I’m new to MongoDB and would like to get some help modeling my forum data. The main things that I currently try to model are the questions, answers, and votes (I also have users collection, but I dealt with it already, it was pretty easy). My website is very similar to Reddit or StackOverflow. each question has a title, description, creator, if the creator is anonymous, time created, and tags. Each answer has content, creator, if the creator is anonymous, and time created. Every answer is also linked to a question and possibly to another answer (if it’s a reply to another answer). I also want both the questions and answers to have voting (upvotes and downvotes). If I would just embed everything it would look something like this:
questions collection:
- creator: userId
- createdAt: Date
- isAnon: boolean
- title: string
- description: string
- tags: string[]
- answers: AnswerSchema[]
- upvotes: userId[]
- downvotes: userId[]
AnswerSchema:
- creator: userId
- createdAt: Date
- isAnon: boolean
- content: string
- replies: AnswerSchema[]
- upvotes: userId[]
- downvotes: userId[]
That doesn’t seem like a good idea because even tho embedding is considered the better approach most of the times, it sets a limit for how much data I can store (even if in the beginning I won’t have many answers/votes, but what if my website will grow and have a lot of data?).

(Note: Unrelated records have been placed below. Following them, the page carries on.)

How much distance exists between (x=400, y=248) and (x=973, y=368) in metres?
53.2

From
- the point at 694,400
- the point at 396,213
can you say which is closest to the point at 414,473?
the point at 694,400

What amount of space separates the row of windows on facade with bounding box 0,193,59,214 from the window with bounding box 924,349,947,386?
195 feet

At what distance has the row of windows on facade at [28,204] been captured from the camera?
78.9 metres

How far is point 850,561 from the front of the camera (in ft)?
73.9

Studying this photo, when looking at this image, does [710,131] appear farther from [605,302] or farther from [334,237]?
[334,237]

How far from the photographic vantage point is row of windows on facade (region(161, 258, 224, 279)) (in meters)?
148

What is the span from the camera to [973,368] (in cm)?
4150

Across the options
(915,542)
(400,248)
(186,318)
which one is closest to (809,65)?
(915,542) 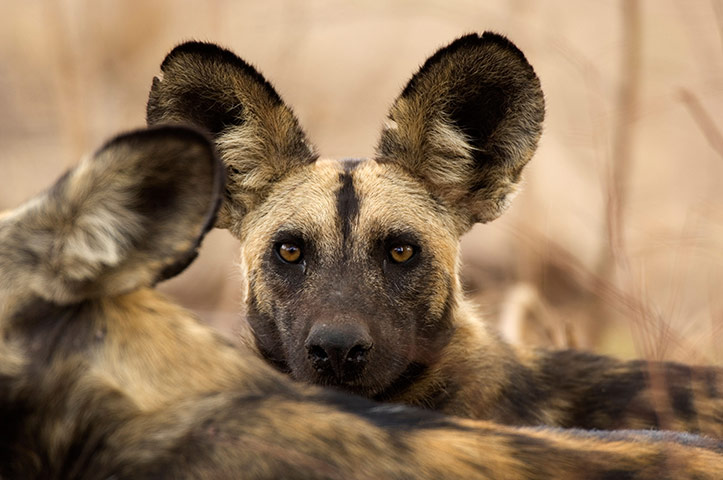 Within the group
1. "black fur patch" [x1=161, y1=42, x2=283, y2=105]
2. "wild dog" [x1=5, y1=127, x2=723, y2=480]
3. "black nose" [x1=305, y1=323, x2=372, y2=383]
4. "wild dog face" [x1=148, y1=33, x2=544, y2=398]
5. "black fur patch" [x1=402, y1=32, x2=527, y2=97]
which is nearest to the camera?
"wild dog" [x1=5, y1=127, x2=723, y2=480]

I thought of just don’t everything with referencing so I’ll have four collections: one for questions, one for answers (with a question id field to reference to the question, and an answer id field for when it’s a reply.), and two for votes (connecting between answer/question and user, and another field for if it’s downvote or upvote). And then also adding to the questions and answers collection upvotesCount and downvotesCount.
This still doesn’t seem perfect because each time I’ll want to update the votes, I’ll need to update two different collections. Also each time I want to get questions/answers and also to get if a user already voted on them, I’ll need to have two different queries and then somehow combine them.
What would you recommend me to do? Use embedding or referencing and where?